Les participants à la «marche des laïques» ont arpenté, dimanche, le centre de Beyrouth.

Le camp laïque tente une sortie au Liban 

Par Sibylle Rizk
26/04/2010

Dans un pays où les dix-huit communautés se partagent tout l'espace public, quelques milliers de personnes ont manifesté dimanche pour «desserrer l'étreinte». Sans illusions. 

«Ma confession ne te regarde pas.» C'est l'un des slogans de la Laïque Pride qui a réuni quelques milliers de personnes dimanche au Liban, pays aux 18 communautés qui «étouffent» leurs membres, selon l'expression d'un des manifestants.

L'appartenance communautaire est un marqueur indélébile pour les Libanais. Elle les empêche de se marier civilement, obligeant les couples mixtes à convoler à l'étranger à grands frais, à moins que l'un des deux époux ne se convertisse. Au moment du décès, les règles de succession diffèrent suivant les rites, instaurant de fait une inégalité de traitement entre, par exemple, une femme chiite, une sunnite, une Druze ou une chrétienne.

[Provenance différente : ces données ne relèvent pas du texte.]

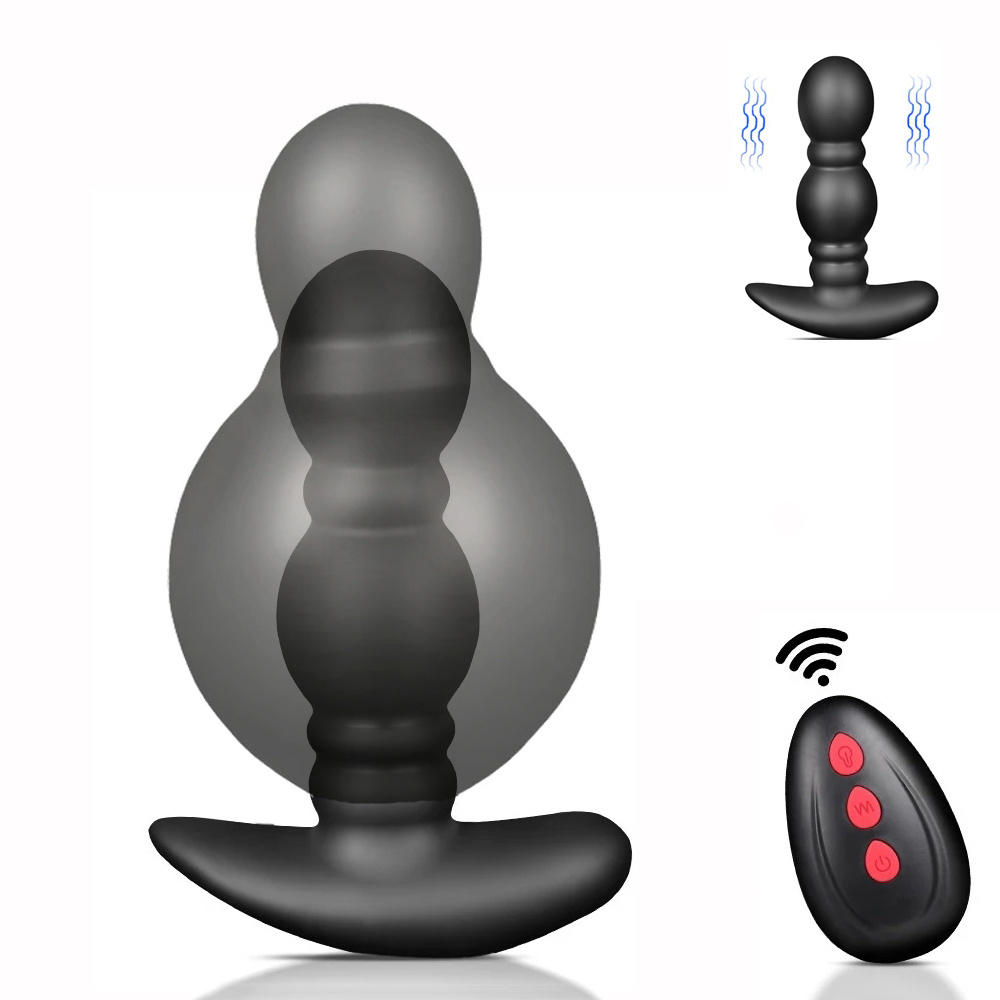Automatische Grote Opblaasbare Anale Butt Plug Dildo Mannelijke Anale Prostaat Massager Vibrerende Anale Seksspeeltjes Voor Volwassen Mannen Vrouwen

Des quotas limitent l'accès aux hauts postes administratifs dont l'attribution répond en conséquence rarement à des critères de compétence. Les mandats politiques, du sommet de l'État aux conseils municipaux, sont également partagés à l'unité près.

À l'Assemblée nationale, la norme fixe l'égalité des sièges entre chrétiens et musulmans, et la répartition de chaque moitié entre les différentes confessions.

Le projet de la marche des laïques est né sur Facebook de l'indignation d'un petit groupe de jeunes libanais vivant entre Paris et Beyrouth, à la suite d'une tentative d'interdiction d'un festival de rock par des instances catholiques. «Une énième interférence du religieux dans la vie sociale», estime Nasri Sayegh, l'un des organisateurs. L'idée d'une «Laïque Pride» a fait mouche : «En quelques heures plus de 2 000 personnes avaient virtuellement annoncé leur participation à la marche, nous incitant à la transposer dans le monde réel.»

Mission réussie : les manifestants, surtout des jeunes, étaient plus nombreux que prévu et heureux de s'en apercevoir car, dans le fond, «on sait bien que notre revendication est utopique dans le contexte libanais», dit Grégory, un professeur d'université.

«L'important c'est de maintenir la flamme, d'entretenir la perspective d'une alternative au système politique actuel, incontestablement en panne», fait valoir le sociologue Ahmad Beydoun, pour qui les chances de succès sont infimes, car la dynamique n'est absolument pas relayée au niveau politique. «Les Libanais sont sortis de la guerre de 1975-1990 avec l'angoisse qu'elle éclate à nouveau un jour, ou que telle ou telle communauté tente par des moyens politiques d'opprimer telle autre, de lui ôter ses droits.»

La tension reste vive, pas seulement au niveau interreligieux - entres musulmans et chrétiens - mais aussi au niveau intercommunautaire, notamment entre chiites et sunnites.

Levée de boucliers générale 

Les questions relevant en apparence du statut personnel remettent en cause le système politique tout entier, souligne Ahmad Beydoun. Ainsi justifie-t-on qu'une Libanaise mariée à un étranger ne puisse transmettre sa nationalité à ses enfants. «Chaque réforme entraîne les chefs communautaires dans des calculs pour mesurer son impact sur les équilibres démographiques. Chaque décision en mesure de desserrer le pouvoir des religieux apparaît comme une menace pour la cohésion communautaire.»

D'où la levée de boucliers générale. Côté musulman, la laïcité bute sur le fait que les règles du statut personnel sont parties intégrantes de la charia, la loi coranique ; côté chrétien, les réticences se situent davantage au niveau politique, car les quotas confessionnels font rempart contre le recul démographique de la communauté.